There is a whole string of historic towns south of Catania, and Taormina is a bit far north for day trips to some of them.  I used Catania as a base for day trips in eastern Sicily, which is better located. I enjoyed Taormina, but did it as a day trip from Catania.

 I did the Palermo area on a seperate trip, and stayed that time in a medieval palace converted to a hotel that was generally near the train station.  I liked the location, ambiance, and price but don't recall the name of it.  I found it on booking.com


----------



## antjmar

cgeidl said:


> Also car rental suggestions for rentals we can drop off in Catania.Also any up to date restaurant recommendations.



I highly recommend www.europcar.com we rented a car in Rome and returned it in Lamezia (Southern Italy) and they have a Catania location.
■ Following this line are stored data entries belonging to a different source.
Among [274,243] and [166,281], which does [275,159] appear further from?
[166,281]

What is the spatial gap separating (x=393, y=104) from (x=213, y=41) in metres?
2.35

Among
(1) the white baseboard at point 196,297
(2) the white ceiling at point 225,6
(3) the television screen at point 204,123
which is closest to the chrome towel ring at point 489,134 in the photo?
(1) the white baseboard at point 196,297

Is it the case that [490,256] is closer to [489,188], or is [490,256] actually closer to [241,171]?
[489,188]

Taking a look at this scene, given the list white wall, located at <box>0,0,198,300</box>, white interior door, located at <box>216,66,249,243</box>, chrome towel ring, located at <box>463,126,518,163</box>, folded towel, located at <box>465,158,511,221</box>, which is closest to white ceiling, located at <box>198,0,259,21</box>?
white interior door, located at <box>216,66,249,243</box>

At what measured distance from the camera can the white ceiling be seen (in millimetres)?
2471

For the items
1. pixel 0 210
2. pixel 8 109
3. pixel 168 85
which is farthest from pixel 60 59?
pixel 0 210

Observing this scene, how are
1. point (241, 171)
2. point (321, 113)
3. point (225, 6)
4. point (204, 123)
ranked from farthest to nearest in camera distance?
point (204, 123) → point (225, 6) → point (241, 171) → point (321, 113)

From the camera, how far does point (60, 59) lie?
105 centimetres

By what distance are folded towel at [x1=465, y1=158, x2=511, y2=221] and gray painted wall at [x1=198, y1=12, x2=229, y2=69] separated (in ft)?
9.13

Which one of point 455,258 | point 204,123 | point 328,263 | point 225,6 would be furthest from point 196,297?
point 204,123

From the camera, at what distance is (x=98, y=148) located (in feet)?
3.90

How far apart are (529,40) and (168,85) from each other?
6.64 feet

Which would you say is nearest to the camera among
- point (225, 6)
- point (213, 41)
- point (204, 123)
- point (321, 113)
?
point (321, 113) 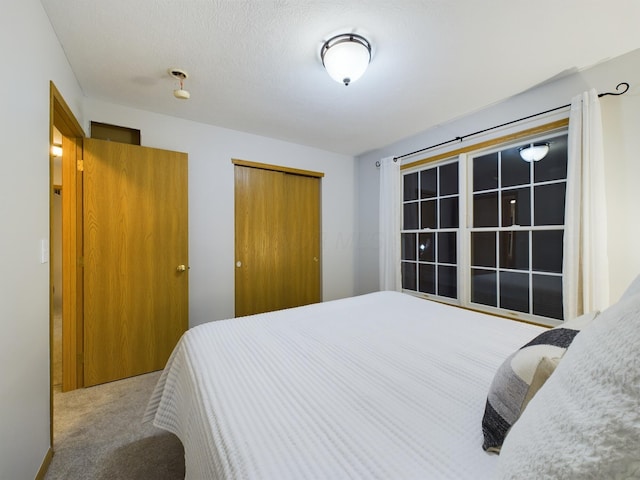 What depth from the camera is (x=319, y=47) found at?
170cm

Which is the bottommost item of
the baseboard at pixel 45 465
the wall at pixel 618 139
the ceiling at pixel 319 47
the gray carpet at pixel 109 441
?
the gray carpet at pixel 109 441

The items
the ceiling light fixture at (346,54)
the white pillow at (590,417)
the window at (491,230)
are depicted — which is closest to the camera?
the white pillow at (590,417)

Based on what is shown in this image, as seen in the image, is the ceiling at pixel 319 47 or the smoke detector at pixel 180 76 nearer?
the ceiling at pixel 319 47

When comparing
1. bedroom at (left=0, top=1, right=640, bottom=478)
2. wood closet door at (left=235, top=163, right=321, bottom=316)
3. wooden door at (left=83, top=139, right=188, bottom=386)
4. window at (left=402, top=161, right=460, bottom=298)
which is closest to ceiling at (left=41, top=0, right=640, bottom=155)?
bedroom at (left=0, top=1, right=640, bottom=478)

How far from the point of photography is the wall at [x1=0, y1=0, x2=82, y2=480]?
1055mm

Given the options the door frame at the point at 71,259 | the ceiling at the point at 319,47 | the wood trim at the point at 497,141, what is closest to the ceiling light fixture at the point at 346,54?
the ceiling at the point at 319,47

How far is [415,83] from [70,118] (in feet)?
8.49

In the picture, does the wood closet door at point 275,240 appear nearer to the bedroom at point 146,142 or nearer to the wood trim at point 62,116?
the bedroom at point 146,142

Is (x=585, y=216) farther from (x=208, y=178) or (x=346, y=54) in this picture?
(x=208, y=178)

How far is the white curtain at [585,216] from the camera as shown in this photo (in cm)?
182

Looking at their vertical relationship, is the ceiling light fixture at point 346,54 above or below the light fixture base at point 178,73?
below

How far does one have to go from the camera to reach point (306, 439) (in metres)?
0.77

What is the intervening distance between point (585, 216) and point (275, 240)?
2.92m

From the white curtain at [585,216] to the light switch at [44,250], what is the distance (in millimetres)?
3377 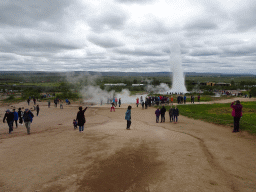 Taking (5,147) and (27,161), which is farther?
(5,147)

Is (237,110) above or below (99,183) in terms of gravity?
above

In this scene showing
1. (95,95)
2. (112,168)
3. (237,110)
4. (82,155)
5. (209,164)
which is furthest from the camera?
(95,95)

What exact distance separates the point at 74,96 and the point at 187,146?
49587mm

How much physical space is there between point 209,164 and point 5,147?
8.86 m

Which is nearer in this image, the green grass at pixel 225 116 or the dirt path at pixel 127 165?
the dirt path at pixel 127 165

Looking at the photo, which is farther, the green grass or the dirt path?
the green grass

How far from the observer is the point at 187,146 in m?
8.97

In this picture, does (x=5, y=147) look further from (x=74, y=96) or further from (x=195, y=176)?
(x=74, y=96)

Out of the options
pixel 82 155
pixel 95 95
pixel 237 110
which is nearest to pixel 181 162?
pixel 82 155

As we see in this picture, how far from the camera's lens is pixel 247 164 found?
269 inches

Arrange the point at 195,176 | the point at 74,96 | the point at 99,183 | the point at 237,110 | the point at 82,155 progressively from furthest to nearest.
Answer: the point at 74,96, the point at 237,110, the point at 82,155, the point at 195,176, the point at 99,183

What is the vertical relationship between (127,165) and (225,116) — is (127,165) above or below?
above

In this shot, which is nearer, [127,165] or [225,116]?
[127,165]

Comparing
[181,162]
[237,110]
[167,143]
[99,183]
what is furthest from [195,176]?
[237,110] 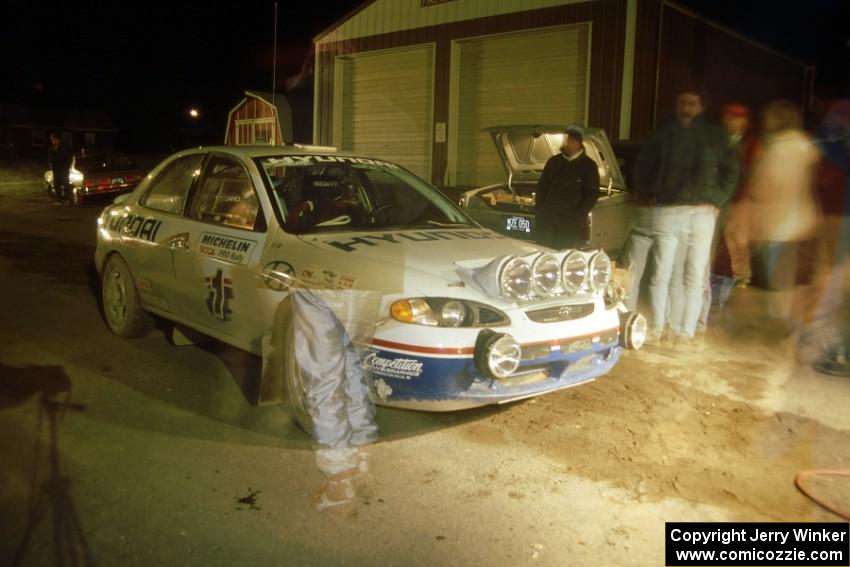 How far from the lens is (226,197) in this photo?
17.5 feet

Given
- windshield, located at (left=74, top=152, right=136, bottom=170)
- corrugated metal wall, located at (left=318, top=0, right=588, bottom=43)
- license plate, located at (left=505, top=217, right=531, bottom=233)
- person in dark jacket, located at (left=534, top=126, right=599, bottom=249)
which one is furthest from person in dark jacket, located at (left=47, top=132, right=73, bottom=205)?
person in dark jacket, located at (left=534, top=126, right=599, bottom=249)

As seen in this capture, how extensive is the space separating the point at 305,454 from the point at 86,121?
64.6 metres

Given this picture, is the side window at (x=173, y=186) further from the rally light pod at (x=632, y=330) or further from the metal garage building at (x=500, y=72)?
the metal garage building at (x=500, y=72)

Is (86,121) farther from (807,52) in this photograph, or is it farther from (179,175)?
(179,175)

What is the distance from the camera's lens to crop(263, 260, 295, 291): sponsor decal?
4.41 meters

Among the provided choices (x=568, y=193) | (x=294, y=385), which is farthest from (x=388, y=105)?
(x=294, y=385)

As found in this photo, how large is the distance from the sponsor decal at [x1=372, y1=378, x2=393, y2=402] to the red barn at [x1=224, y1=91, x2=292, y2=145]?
19.2 m

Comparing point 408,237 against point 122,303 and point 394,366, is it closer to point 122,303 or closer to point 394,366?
point 394,366

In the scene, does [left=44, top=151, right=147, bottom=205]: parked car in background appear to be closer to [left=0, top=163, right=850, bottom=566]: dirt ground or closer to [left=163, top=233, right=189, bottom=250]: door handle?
[left=0, top=163, right=850, bottom=566]: dirt ground

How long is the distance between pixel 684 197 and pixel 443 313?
2894mm

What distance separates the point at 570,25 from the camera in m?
14.0

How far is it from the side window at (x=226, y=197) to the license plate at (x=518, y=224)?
3.39m

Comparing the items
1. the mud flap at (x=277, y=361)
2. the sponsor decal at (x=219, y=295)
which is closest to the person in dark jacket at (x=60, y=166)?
the sponsor decal at (x=219, y=295)

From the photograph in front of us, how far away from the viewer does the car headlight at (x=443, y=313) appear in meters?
3.91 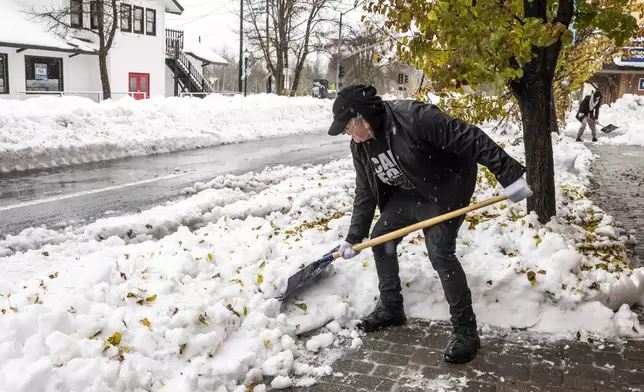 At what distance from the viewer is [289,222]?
655 centimetres

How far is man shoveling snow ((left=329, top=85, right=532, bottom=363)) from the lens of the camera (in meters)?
3.50

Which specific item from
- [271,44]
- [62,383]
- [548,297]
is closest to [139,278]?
[62,383]

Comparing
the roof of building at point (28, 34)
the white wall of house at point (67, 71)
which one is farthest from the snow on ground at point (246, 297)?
the white wall of house at point (67, 71)

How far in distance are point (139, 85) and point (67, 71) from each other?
4216 millimetres

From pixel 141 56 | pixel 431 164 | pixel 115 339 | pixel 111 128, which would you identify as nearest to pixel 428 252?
pixel 431 164

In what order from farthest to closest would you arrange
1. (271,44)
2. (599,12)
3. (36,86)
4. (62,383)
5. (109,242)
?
(271,44), (36,86), (109,242), (599,12), (62,383)

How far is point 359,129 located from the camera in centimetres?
365

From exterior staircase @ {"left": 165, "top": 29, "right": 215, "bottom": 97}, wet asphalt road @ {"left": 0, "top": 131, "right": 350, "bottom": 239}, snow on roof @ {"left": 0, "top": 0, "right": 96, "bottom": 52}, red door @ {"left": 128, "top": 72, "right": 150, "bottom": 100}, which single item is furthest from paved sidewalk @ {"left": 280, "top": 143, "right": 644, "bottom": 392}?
exterior staircase @ {"left": 165, "top": 29, "right": 215, "bottom": 97}

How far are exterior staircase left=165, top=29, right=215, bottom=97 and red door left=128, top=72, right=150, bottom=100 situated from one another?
2832 mm

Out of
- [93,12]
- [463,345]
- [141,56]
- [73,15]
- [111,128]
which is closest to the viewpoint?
[463,345]

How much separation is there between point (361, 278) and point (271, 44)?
3647 cm

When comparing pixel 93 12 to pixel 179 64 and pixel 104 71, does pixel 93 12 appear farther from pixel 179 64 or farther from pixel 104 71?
pixel 179 64

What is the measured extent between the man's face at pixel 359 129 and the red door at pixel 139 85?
30889 millimetres

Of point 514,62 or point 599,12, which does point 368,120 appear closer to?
point 514,62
They also had great rates! Not sure if they still do this but they would allow you to park their rental  car for free  for the day at any of their locations. This in itself saved us some $$ when going into cities since they seemed to be everywhere.


----------



## beejaybeeohio

*Car Rental out of Catania*

For our port day in Catania, we were planning on renting a car to visit Taormina by taking the cable car from Mazzaro and also sightseeing enroute. I reserved a Nissan Micra automatic thru www.carrentals.com. Avis was the vendor. (We also have a reservation thru them out of CDG for an automatic via Budget.) Then we learned that 2 more friends would be joining us, so I reserved an automatic van directly through Avis.  Prices seemed acceptable for one day, especially since automatics are difficult to rent in Europe.

Both reservations are now cancelled since I realized we had to add in the taxi time and extra cost to/from port to airport just to get the vehicle.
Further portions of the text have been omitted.